__Exercise data__:
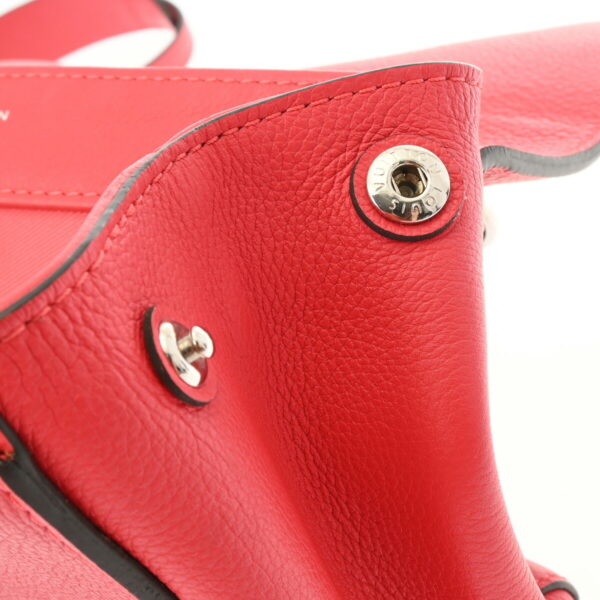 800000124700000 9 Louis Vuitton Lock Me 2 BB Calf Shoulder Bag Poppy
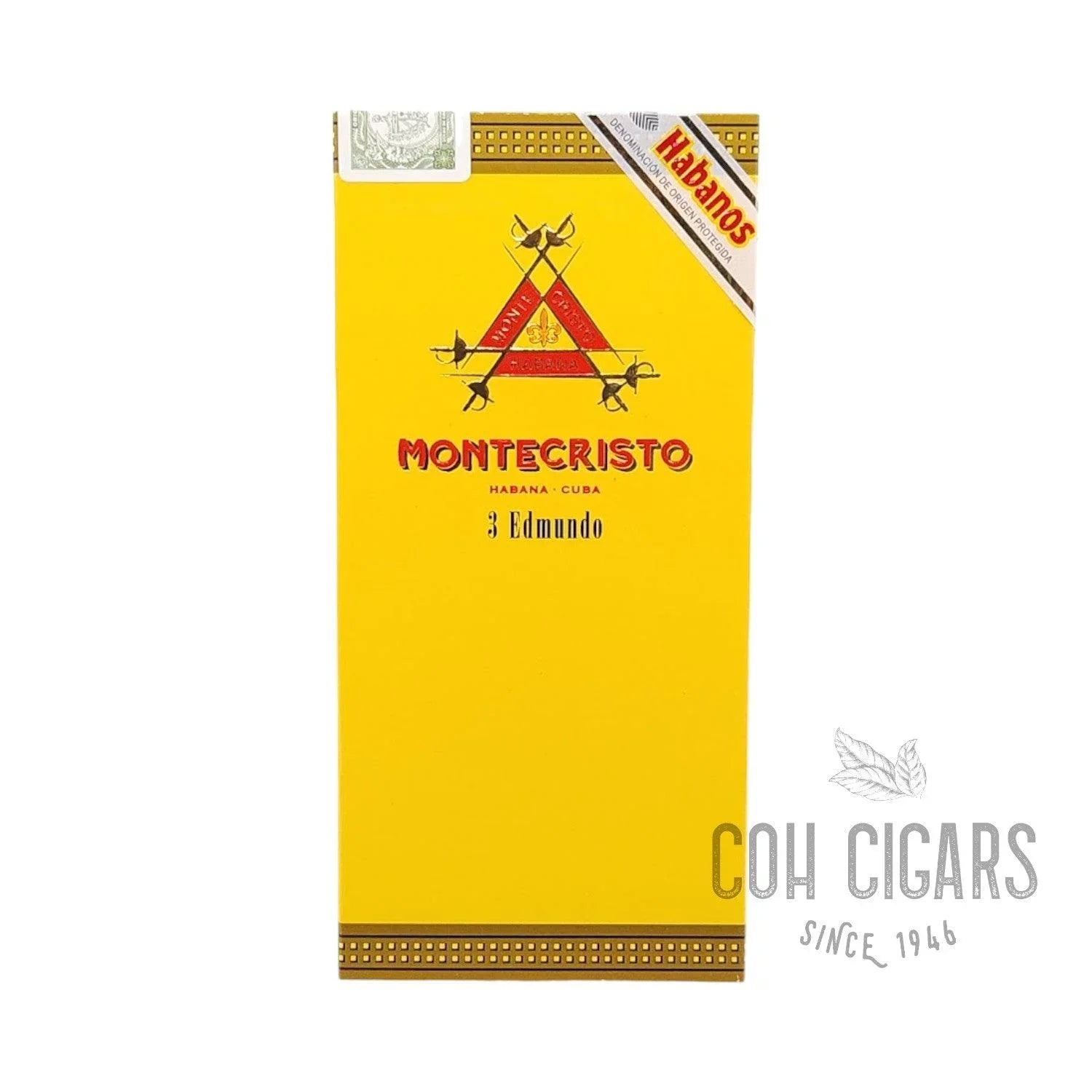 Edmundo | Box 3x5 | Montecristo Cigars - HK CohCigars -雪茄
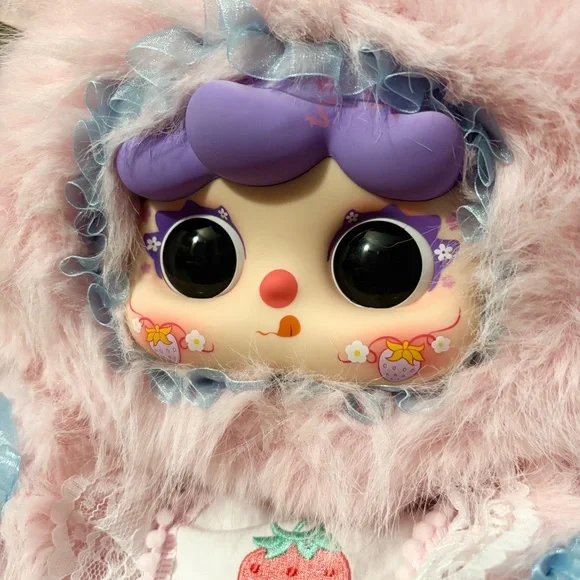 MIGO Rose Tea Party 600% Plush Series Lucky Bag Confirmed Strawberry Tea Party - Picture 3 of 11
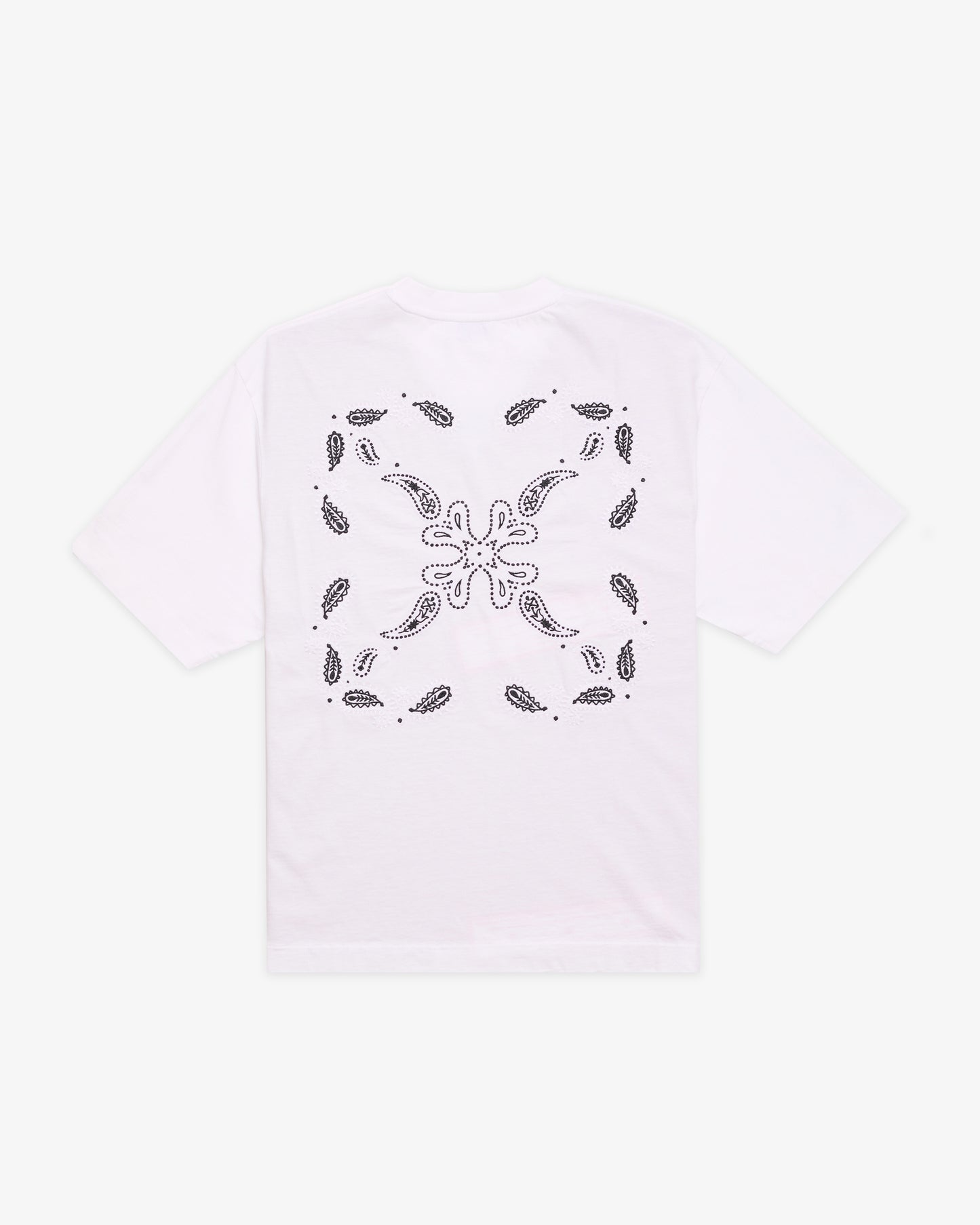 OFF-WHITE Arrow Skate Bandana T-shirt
...
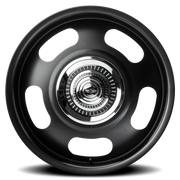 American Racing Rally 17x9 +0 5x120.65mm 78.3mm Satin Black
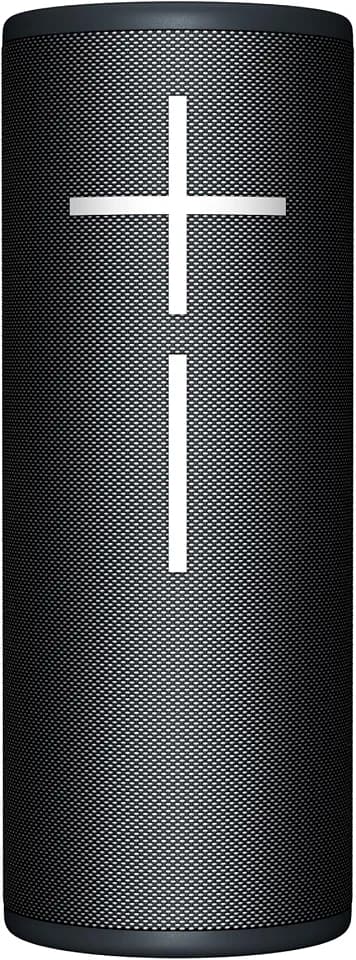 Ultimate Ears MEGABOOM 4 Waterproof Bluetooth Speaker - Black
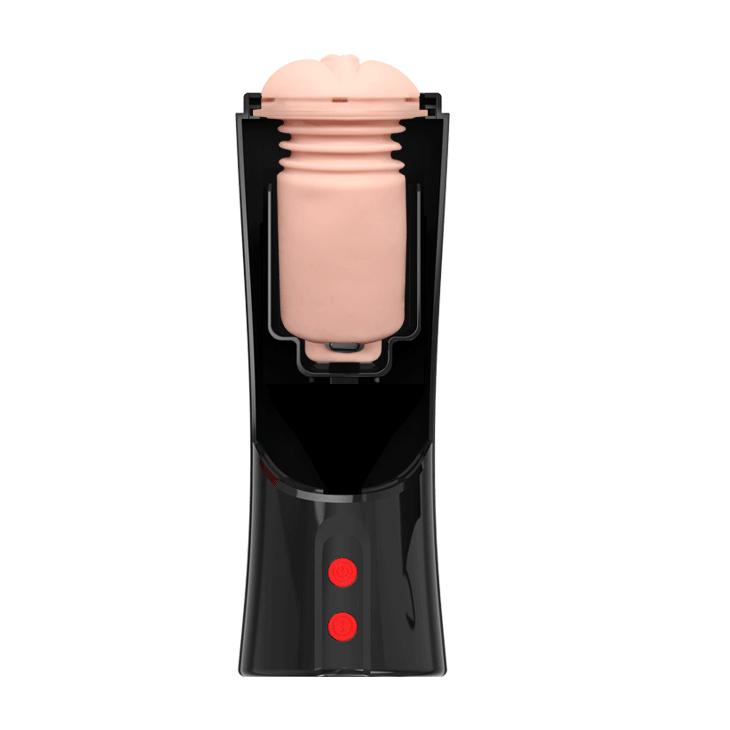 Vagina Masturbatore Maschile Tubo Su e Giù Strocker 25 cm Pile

__The task__: Repeat exactly the lines above, beginning at the one containing "American Racing Rally" and ending at the one containing "Vagina Masturbatore Maschile". Do not carry over any pictures.

__Solution to this exercise__:
 American Racing Rally 17x9 +0 5x120.65mm 78.3mm Satin Black
 Ultimate Ears MEGABOOM 4 Waterproof Bluetooth Speaker - Black
 Vagina Masturbatore Maschile Tubo Su e Giù Strocker 25 cm Pile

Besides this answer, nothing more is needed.